My supervisor offered to give Lauren and I a ride up the hill. We made our way to her car and I sat quietly as she and Lauren talked. I don’t remember a single word of their conversation. It was only a couple minutes until we arrived at the administration building where Tyler, the Title IX coordinator, and the deputy awaited us.
I wanted to run. I didn’t want to do this, but I wanted so badly to do this. I was terrified of the outcome. I was terrified of doing nothing. I was overwhelmed with all possible feelings that a human can have and completely consumed with thoughts – of running, of him, of that night, of all the other nights. Which is why I am so glad that I was allowed to bring Lauren as support. She never stopped giving words of encouragement, comforting smiles, and little pats on my arm to remind me she was there.
Lauren and I arrived 5 minutes to 2:00. We sat outside Tyler’s office while he chatted on the phone. Danielle, the part-time deputy, had a welcoming smile. She was young and looked kind, like an older sister or a camp counselor but in business casual attire. She made small talk with Lauren and I but my mind was still in a haze. I smiled and conversed as well as I could, but can only imagine the fear and anxiety in my eyes.
Tyler said goodbye to the person he was chatting with on the phone and welcomed us into his office. He placed a chair in the back corner for Danielle and she pulled out a notebook and pen. I was so glad that I had Lauren sitting next to me for the next 30 minutes.
Tyler had his notebook and pen ready as well. He told me that he wanted to be completely clear before I filed a formal report. He said he wanted me to know the process, know how hard it would be to do an investigation without witnesses, what might be the outcome.
I listened to him with my full attention. I tried to quiet my brain, make it focus. I told myself the past few days that I would be strong during this meeting. I reminded myself why I filed this report. I reminded myself that my purpose here was not for revenge, was not to destroy anyone’s life. My purpose was to be strong for myself and for others who couldn’t be. My purpose here was to take back control of this situation. That is why I was sitting here in this office.
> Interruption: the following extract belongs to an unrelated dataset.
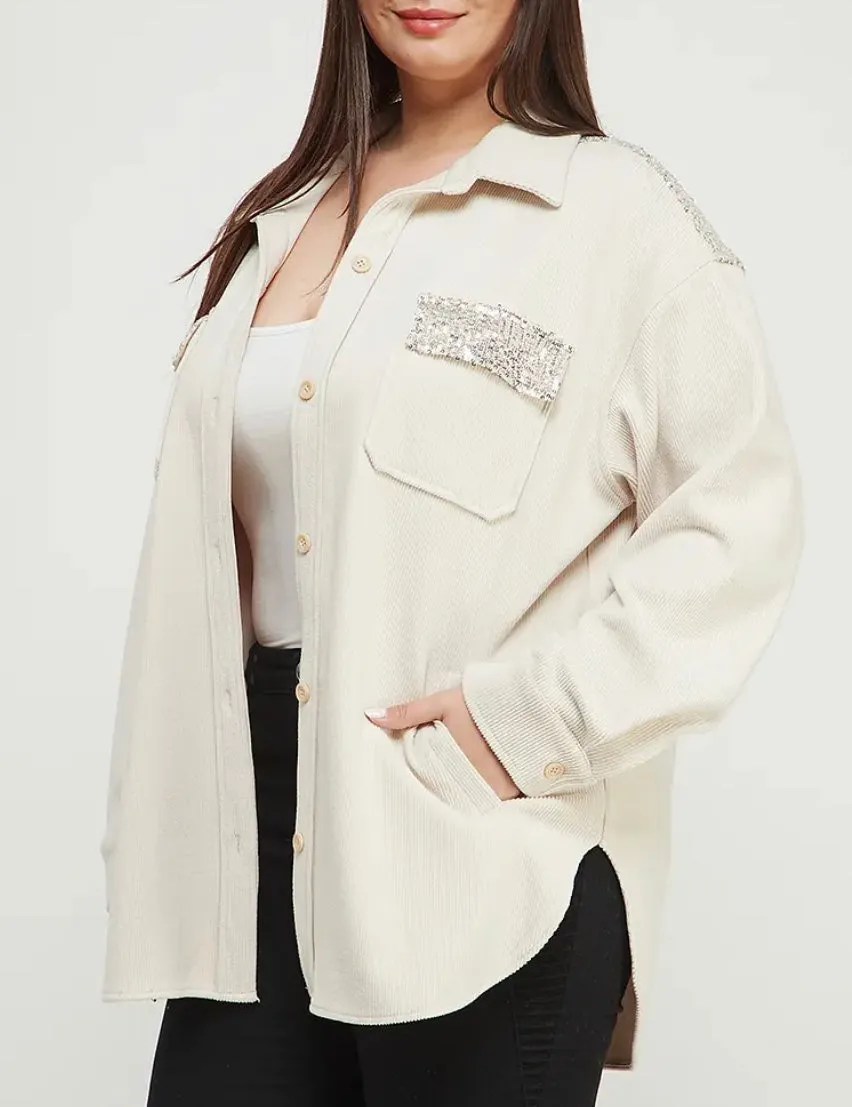 Cream Silver Sequin Corduroy Shacket Jacket Plus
If the only result of this is that his name sits in a file in Tyler’s office in case he does this again then it is better than doing nothing. I had to remind myself of this.
I attached 36 pages of text messages to my report. Tyler said he “skimmed” through these messages. Skimmed? Okay well I hope he does more than that when he goes to do his investigation. He recounts what he has read in my report. I wince. His voice is so factual, little feeling or emotion. I know he has to remain objective and unbiased, but could he say anything encouraging or comforting? I feel the guilt, the shame. It sounds so bad. Well yes, Olivia, it is bad, I remind myself. And that’s what happened. And that is why you are here. Stop running away, stop trying to downplay it. Face it.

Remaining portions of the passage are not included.